Виконт слегка кивнул, его зубы заскрипели: так крепко он сжал челюсти.
Ирландка снова повернула к нему свое спокойное лицо и серьезно произнесла:
– Может, вы поговорите со мной о Софии, если отказываетесь говорить о себе?
Сопротивление, готовое взорваться внутри, превратилось в горящую горку пепла, мокнущую под изнурительным лондонским дождем. Все, чего он хотел, это дотащить уставшее тело до постели, рухнуть в нее и свернуться в тугой узел.
– Она умерла. – Слова резонировали по комнате, отталкиваясь от окружавшего его холодного воздуха, словно злобные пересмешники Северного Эссекса, ни на минуту не прекращавшие своего треска.
– Тем больше причин вспомнить о ней, я полагаю.
Он нахмурился, пробираясь через лабиринт ее слов, и медленно, осторожно поинтересовался:
– Полагаете?
Это ее лицо, словно у всех святых дев во всех соборах, в каждой богом забытой дыре в Европе, смотрело на него, такое спокойное, совсем не затронутое его дикостью, полное… совершенства. Совершенство, как он выяснил, обычно оказывалось искусной личиной, созданной, чтобы скрывать под нею нечто ужасное. Какие кошмары могут скрываться под этим фарфоровым фасадом? Может, ему следует попробовать допросить ее?
Он сухо улыбнулся.
– А вам нравится вспоминать своих мертвых, Мэгги?

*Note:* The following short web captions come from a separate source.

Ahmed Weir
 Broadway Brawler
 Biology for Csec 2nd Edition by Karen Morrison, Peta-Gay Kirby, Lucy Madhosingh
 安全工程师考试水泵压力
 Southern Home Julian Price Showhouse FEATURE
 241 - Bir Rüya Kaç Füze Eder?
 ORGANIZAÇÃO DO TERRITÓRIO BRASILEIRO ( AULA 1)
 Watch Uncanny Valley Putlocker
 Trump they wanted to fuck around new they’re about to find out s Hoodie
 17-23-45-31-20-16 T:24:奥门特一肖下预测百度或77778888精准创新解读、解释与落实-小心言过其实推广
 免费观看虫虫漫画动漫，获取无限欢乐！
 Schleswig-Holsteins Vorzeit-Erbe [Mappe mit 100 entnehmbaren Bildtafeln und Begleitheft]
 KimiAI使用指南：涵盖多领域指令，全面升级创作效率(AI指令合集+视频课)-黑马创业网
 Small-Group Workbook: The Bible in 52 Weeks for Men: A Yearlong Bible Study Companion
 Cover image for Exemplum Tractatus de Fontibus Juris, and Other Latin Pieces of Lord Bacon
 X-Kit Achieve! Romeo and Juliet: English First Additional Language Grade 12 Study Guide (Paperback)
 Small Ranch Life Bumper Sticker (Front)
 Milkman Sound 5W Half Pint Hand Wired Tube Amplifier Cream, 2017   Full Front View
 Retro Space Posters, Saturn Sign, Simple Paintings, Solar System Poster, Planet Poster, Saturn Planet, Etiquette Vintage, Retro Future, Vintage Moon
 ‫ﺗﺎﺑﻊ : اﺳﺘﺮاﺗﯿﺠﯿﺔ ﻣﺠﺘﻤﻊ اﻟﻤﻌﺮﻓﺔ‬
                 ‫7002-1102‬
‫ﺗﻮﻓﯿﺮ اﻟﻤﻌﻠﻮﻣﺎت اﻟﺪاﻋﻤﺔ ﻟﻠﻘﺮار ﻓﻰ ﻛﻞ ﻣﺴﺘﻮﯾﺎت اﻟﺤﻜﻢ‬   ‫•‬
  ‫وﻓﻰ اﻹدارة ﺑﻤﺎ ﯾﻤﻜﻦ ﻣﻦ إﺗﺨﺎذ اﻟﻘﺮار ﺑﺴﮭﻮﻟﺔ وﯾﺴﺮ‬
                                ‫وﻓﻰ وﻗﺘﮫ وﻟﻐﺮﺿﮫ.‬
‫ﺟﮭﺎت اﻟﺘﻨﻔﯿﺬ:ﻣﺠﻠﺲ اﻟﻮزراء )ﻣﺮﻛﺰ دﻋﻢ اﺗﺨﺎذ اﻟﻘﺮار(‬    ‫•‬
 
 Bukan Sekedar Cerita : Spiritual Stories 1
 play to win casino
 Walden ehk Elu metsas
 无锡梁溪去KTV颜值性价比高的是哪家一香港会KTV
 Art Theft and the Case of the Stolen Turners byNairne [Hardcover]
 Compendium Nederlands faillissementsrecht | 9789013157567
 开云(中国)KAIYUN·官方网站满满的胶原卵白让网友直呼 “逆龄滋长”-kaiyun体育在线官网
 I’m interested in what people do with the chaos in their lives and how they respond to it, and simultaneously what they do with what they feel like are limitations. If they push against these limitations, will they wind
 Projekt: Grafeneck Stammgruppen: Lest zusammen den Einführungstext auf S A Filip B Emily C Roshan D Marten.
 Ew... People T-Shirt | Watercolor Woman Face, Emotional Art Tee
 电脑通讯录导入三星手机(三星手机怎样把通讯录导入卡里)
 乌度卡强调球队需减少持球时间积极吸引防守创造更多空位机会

Ее плечи напряглись под отглаженной шерстью лифа.
– Да.
Стенхоуп покачал головой, поднял палец и помахал в ее сторону.
– Вы лжете.
Было так соблазнительно позволить плечам опуститься и сломаться под бременем человеческой тщетности. Все лгут. Все предают. Даже мертвые. Те, кто потерян для него. Но, в конце концов, разве он самый большой предатель из всех?
Виконт пронзил ее взглядом, призывая продолжить, взывая к Богу, в которого не верил, чтобы она сдалась и ушла. Потому что он мог позволить ей увидеть его истинное лицо. Никто не должен его сейчас видеть.